**Collection entries:**
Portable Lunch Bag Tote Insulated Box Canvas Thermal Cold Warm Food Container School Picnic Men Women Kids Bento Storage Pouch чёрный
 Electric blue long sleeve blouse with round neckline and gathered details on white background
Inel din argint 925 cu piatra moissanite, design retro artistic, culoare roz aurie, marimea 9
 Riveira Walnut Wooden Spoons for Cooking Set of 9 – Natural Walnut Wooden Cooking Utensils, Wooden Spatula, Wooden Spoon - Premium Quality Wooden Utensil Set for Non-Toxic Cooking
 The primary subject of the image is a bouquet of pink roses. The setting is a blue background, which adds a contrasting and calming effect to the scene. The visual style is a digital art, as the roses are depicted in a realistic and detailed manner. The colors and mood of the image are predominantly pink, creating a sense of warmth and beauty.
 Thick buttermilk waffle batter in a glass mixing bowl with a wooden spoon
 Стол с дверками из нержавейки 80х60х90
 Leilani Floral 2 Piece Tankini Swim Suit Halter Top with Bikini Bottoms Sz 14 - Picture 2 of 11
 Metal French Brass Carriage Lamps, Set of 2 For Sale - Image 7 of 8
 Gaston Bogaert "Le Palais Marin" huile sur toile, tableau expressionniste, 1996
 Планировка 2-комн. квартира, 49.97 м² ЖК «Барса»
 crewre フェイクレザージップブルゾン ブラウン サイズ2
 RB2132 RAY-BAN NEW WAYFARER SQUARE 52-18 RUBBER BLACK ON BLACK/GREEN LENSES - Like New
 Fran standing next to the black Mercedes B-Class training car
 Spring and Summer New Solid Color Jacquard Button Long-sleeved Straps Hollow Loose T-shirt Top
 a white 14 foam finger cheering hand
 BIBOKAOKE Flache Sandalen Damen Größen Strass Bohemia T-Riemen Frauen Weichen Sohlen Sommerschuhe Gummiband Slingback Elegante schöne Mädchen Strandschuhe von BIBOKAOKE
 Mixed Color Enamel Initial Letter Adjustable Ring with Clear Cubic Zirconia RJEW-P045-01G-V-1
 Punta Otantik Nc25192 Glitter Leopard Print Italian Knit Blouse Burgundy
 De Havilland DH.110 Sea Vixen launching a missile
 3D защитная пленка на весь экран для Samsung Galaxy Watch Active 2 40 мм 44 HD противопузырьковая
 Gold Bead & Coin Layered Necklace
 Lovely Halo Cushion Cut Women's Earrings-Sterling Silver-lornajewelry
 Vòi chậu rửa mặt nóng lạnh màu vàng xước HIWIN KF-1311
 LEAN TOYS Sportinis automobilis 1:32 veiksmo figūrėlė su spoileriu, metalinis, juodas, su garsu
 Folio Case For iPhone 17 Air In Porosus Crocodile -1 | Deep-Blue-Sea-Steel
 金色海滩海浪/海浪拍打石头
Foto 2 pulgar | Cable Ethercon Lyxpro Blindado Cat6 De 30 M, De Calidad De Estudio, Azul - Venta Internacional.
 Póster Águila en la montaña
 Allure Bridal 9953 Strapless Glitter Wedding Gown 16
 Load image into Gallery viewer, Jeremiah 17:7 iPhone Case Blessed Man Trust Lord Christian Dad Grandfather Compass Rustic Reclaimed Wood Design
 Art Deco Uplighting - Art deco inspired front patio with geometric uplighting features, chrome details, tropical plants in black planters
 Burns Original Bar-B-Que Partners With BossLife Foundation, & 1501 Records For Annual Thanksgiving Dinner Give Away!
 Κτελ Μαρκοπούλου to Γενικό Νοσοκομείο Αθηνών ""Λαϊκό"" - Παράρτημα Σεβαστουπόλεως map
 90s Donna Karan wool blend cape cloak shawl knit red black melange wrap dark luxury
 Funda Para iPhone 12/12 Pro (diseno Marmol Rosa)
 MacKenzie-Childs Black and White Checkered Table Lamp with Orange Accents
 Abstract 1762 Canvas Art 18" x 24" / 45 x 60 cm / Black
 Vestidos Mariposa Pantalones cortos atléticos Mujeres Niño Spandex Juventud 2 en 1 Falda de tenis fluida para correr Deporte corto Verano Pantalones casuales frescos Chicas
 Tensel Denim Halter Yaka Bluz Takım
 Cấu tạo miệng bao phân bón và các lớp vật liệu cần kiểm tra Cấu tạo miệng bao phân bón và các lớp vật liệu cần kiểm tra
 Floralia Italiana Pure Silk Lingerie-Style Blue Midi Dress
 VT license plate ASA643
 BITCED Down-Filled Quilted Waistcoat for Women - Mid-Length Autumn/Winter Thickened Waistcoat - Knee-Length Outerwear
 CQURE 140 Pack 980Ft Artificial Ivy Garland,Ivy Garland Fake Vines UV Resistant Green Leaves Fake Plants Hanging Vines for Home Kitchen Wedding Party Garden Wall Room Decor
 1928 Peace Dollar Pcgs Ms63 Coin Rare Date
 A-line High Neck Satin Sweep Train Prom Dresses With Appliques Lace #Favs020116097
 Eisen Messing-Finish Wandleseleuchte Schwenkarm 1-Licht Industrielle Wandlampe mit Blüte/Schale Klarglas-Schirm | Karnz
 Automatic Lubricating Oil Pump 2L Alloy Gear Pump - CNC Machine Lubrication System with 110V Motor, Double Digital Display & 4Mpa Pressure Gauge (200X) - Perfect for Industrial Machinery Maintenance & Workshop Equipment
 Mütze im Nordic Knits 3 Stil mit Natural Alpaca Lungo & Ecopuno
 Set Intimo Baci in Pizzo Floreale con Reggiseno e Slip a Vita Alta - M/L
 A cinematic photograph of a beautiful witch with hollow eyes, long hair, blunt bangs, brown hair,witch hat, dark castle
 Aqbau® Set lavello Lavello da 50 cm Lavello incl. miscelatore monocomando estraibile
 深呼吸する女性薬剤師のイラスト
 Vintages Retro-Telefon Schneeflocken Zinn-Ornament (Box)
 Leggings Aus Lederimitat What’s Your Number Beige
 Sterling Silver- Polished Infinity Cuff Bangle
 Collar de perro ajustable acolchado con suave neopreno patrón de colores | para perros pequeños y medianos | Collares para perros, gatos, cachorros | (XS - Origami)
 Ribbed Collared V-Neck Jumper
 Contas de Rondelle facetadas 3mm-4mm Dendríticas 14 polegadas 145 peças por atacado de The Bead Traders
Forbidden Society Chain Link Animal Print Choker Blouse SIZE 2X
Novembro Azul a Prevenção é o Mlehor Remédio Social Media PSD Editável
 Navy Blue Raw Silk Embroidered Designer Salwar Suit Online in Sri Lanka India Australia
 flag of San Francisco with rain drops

**EXERCISE OBJECTIVE:** Reproduce all of the data exactly as given.

**TASK ANSWER:**
Portable Lunch Bag Tote Insulated Box Canvas Thermal Cold Warm Food Container School Picnic Men Women Kids Bento Storage Pouch чёрный
 Electric blue long sleeve blouse with round neckline and gathered details on white background
Inel din argint 925 cu piatra moissanite, design retro artistic, culoare roz aurie, marimea 9
 Riveira Walnut Wooden Spoons for Cooking Set of 9 – Natural Walnut Wooden Cooking Utensils, Wooden Spatula, Wooden Spoon - Premium Quality Wooden Utensil Set for Non-Toxic Cooking
 The primary subject of the image is a bouquet of pink roses. The setting is a blue background, which adds a contrasting and calming effect to the scene. The visual style is a digital art, as the roses are depicted in a realistic and detailed manner. The colors and mood of the image are predominantly pink, creating a sense of warmth and beauty.
 Thick buttermilk waffle batter in a glass mixing bowl with a wooden spoon
 Стол с дверками из нержавейки 80х60х90
 Leilani Floral 2 Piece Tankini Swim Suit Halter Top with Bikini Bottoms Sz 14 - Picture 2 of 11
 Metal French Brass Carriage Lamps, Set of 2 For Sale - Image 7 of 8
 Gaston Bogaert "Le Palais Marin" huile sur toile, tableau expressionniste, 1996
 Планировка 2-комн. квартира, 49.97 м² ЖК «Барса»
 crewre フェイクレザージップブルゾン ブラウン サイズ2
 RB2132 RAY-BAN NEW WAYFARER SQUARE 52-18 RUBBER BLACK ON BLACK/GREEN LENSES - Like New
 Fran standing next to the black Mercedes B-Class training car
 Spring and Summer New Solid Color Jacquard Button Long-sleeved Straps Hollow Loose T-shirt Top
 a white 14 foam finger cheering hand
 BIBOKAOKE Flache Sandalen Damen Größen Strass Bohemia T-Riemen Frauen Weichen Sohlen Sommerschuhe Gummiband Slingback Elegante schöne Mädchen Strandschuhe von BIBOKAOKE
 Mixed Color Enamel Initial Letter Adjustable Ring with Clear Cubic Zirconia RJEW-P045-01G-V-1
 Punta Otantik Nc25192 Glitter Leopard Print Italian Knit Blouse Burgundy
 De Havilland DH.110 Sea Vixen launching a missile
 3D защитная пленка на весь экран для Samsung Galaxy Watch Active 2 40 мм 44 HD противопузырьковая
 Gold Bead & Coin Layered Necklace
 Lovely Halo Cushion Cut Women's Earrings-Sterling Silver-lornajewelry
 Vòi chậu rửa mặt nóng lạnh màu vàng xước HIWIN KF-1311
 LEAN TOYS Sportinis automobilis 1:32 veiksmo figūrėlė su spoileriu, metalinis, juodas, su garsu
 Folio Case For iPhone 17 Air In Porosus Crocodile -1 | Deep-Blue-Sea-Steel
 金色海滩海浪/海浪拍打石头
Foto 2 pulgar | Cable Ethercon Lyxpro Blindado Cat6 De 30 M, De Calidad De Estudio, Azul - Venta Internacional.
 Póster Águila en la montaña
 Allure Bridal 9953 Strapless Glitter Wedding Gown 16
 Load image into Gallery viewer, Jeremiah 17:7 iPhone Case Blessed Man Trust Lord Christian Dad Grandfather Compass Rustic Reclaimed Wood Design
 Art Deco Uplighting - Art deco inspired front patio with geometric uplighting features, chrome details, tropical plants in black planters
 Burns Original Bar-B-Que Partners With BossLife Foundation, & 1501 Records For Annual Thanksgiving Dinner Give Away!
 Κτελ Μαρκοπούλου to Γενικό Νοσοκομείο Αθηνών ""Λαϊκό"" - Παράρτημα Σεβαστουπόλεως map
 90s Donna Karan wool blend cape cloak shawl knit red black melange wrap dark luxury
 Funda Para iPhone 12/12 Pro (diseno Marmol Rosa)
 MacKenzie-Childs Black and White Checkered Table Lamp with Orange Accents
 Abstract 1762 Canvas Art 18" x 24" / 45 x 60 cm / Black
 Vestidos Mariposa Pantalones cortos atléticos Mujeres Niño Spandex Juventud 2 en 1 Falda de tenis fluida para correr Deporte corto Verano Pantalones casuales frescos Chicas
 Tensel Denim Halter Yaka Bluz Takım
 Cấu tạo miệng bao phân bón và các lớp vật liệu cần kiểm tra Cấu tạo miệng bao phân bón và các lớp vật liệu cần kiểm tra
 Floralia Italiana Pure Silk Lingerie-Style Blue Midi Dress
 VT license plate ASA643
 BITCED Down-Filled Quilted Waistcoat for Women - Mid-Length Autumn/Winter Thickened Waistcoat - Knee-Length Outerwear
 CQURE 140 Pack 980Ft Artificial Ivy Garland,Ivy Garland Fake Vines UV Resistant Green Leaves Fake Plants Hanging Vines for Home Kitchen Wedding Party Garden Wall Room Decor
 1928 Peace Dollar Pcgs Ms63 Coin Rare Date
 A-line High Neck Satin Sweep Train Prom Dresses With Appliques Lace #Favs020116097
 Eisen Messing-Finish Wandleseleuchte Schwenkarm 1-Licht Industrielle Wandlampe mit Blüte/Schale Klarglas-Schirm | Karnz
 Automatic Lubricating Oil Pump 2L Alloy Gear Pump - CNC Machine Lubrication System with 110V Motor, Double Digital Display & 4Mpa Pressure Gauge (200X) - Perfect for Industrial Machinery Maintenance & Workshop Equipment
 Mütze im Nordic Knits 3 Stil mit Natural Alpaca Lungo & Ecopuno
 Set Intimo Baci in Pizzo Floreale con Reggiseno e Slip a Vita Alta - M/L
 A cinematic photograph of a beautiful witch with hollow eyes, long hair, blunt bangs, brown hair,witch hat, dark castle
 Aqbau® Set lavello Lavello da 50 cm Lavello incl. miscelatore monocomando estraibile
 深呼吸する女性薬剤師のイラスト
 Vintages Retro-Telefon Schneeflocken Zinn-Ornament (Box)
 Leggings Aus Lederimitat What’s Your Number Beige
 Sterling Silver- Polished Infinity Cuff Bangle
 Collar de perro ajustable acolchado con suave neopreno patrón de colores | para perros pequeños y medianos | Collares para perros, gatos, cachorros | (XS - Origami)
 Ribbed Collared V-Neck Jumper
 Contas de Rondelle facetadas 3mm-4mm Dendríticas 14 polegadas 145 peças por atacado de The Bead Traders
Forbidden Society Chain Link Animal Print Choker Blouse SIZE 2X
Novembro Azul a Prevenção é o Mlehor Remédio Social Media PSD Editável
 Navy Blue Raw Silk Embroidered Designer Salwar Suit Online in Sri Lanka India Australia
 flag of San Francisco with rain drops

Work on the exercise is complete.